In the Democratic Republic of the Congo, just eight weeks after the excavation for the foundations of the House of Worship were completed, the reinforced concrete slab that will form the floor of the central edifice has been finished. Work on additional buildings on the site is steadily advancing.
Meanwhile, over 3,000 kilometers away, the local House of Worship in Matunda Soy, Kenya, is entering the final stages of construction. The exterior of the temple is nearly complete, as are auxiliary structures on the grounds. Residents of the area are assisting to prepare the gardens around the temple, carrying out tasks with reverence as they regularly gather on the grounds for prayers.
The progress in the construction of both temples over the past few months is explored in the selection of images below.
Kinshasa, the Democratic Republic of Congo
A moisture barrier is laid across the entire floor area of the temple in preparation for building the reinforced concrete floor slab. Encircling the foundations, earthworks are being prepared for the ground immediately outside the central area.
The staff who have been working on the construction of the temple gathered Thursday on the newly completed floor slab to mark this key milestone in the project.
A visitors’ center is also being built near the entrance to the site of the House of Worship in Kinshasa.

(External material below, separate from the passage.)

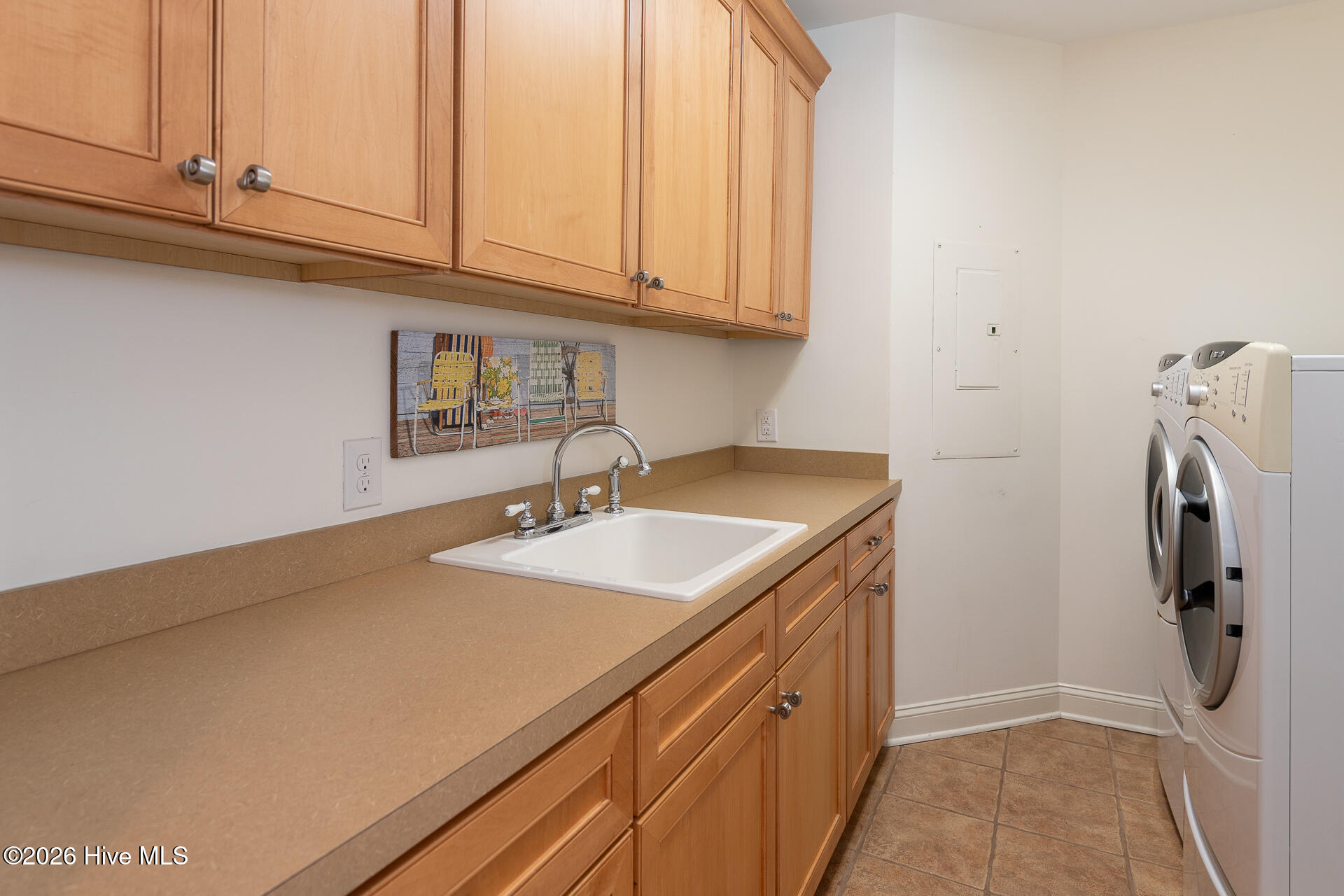 100562037 | Photo 19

Foundations for the visitors’ center have been built around trees already present on the site, preserving them to beautify the courtyard.
Floor slabs for the visitors’ center are now being poured.
Elsewhere on the site, several existing buildings are being renovated. One building, pictured here, is being used as a construction office. In the future, these buildings will be used as educational facilities and as offices for the National Spiritual Assembly of the Bahá’ís of the Democratic Republic of the Congo.
Matunda Soy, Kenya
As the exterior of the local Bahá’í House of Worship in Matunda Soy, Kenya, nears completion, the elegant form of the temple’s design is becoming visible. The design is inspired by huts that are traditional to the region. Exposed roof beams highlight the nine sides of the edifice.
Skylights have been installed on all nine sides of the roof of the temple, and roof tiles are being placed, creating a diamond motif familiar to Kenyan culture.
The interior and exterior of the temple’s nine doorways are being decorated with wood and paster. The latticework around each door is being prepared at a workshop in the Matunda Soy area and is made from mvule, a wood native to eastern Africa.
Construction of the reception center and other facilities on the site are nearly complete, and they will soon be prepared to welcome visitors to the temple site.
The main gate to the temple grounds nears completion.
Local residents have played an important role in assisting with various tasks on the site, including with preparations for gardens that will surround the temple.
The residents of Matunda Soy, a farming community with generations of experience tending the land, have taken to the task of beautifying and maintaining the temple grounds with enthusiasm.